Five tops tips for A-level students on results day

18 August 2016 | Focus | Thomas Peacock

It’s finally here, that day you’ve worked hard for and agonised over – A level results day. Your stomach is in knots of anticipation over what your future holds. Will you get the grades you need to go to the university of your choice? Will you have to rethink your chosen career path? Either way, you’ll have to make some big decisions over the coming days which will greatly influence your route to employment.

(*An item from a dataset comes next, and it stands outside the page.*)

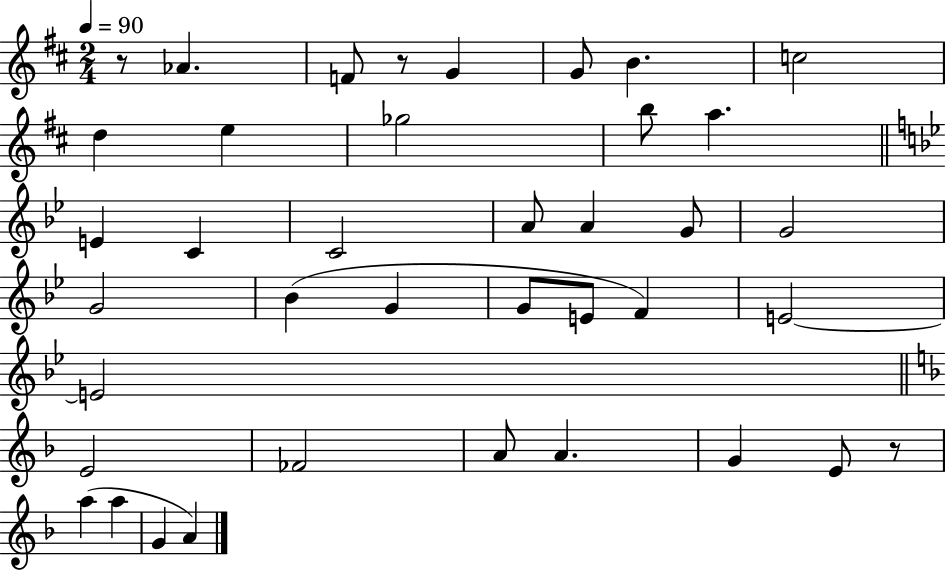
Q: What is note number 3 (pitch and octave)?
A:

As you reach for the envelope, take a deep breath and consider the following: There are lots of different pathways in life to achieve your dreams. Here are our top 5 tips on how to make the most out of the results you’ve achieved:

1. Don’t panic: get advice, and lots of it

There are lots of people who will give you advice, but what you need is advice from people who know the job market and the education system required to set your sails on the right course. Talk to teachers, talk to careers advisers, talk to lecturers in university and colleges so that you can make an informed decision. You can also go on short courses that will help you decide what options are available and whether you should go down the route of trying to get a job, getting an apprenticeship or going to university.

2. Which university or college?

Deciding on what course you want to take at university is something you may have been considering for some time now, but it’s only when you have those results in your hands that the reality starts to hit. If you’re lucky and have achieved the grades you needed, you’ll be able to pick the course and university that most appeals to you. Whatever you do, don’t pick a course just because your friends are doing it. Everyone starts off new at university, so you won’t be alone! What’s more important is focusing on what your end goal is and whether the course you’re doing will give you the option to enter that career. One way to decide is to check the university rankings which show how well regarded the university is in the field that you are going to be studying.

3. Should I find a job?

Given that 49% of university graduates believe that they could have reached where they are in their career without a degree it’s not surprising that you may consider entering the workplace immediately. The issue here is that youth unemployment is at an all-time high in the last 20 years standing at almost 15%, so getting on the job ladder and progressing up may not be easy in the current market, especially in the wake of Brexit when recruitment is also down. However, students that are practical learners may thrive more in the real world where they are given “on the job” training, in an environment where they can develop these skills. The only downside to this is you won’t have a degree qualification in your chosen field which you can use to your advantage throughout your career, should you decide to change sector.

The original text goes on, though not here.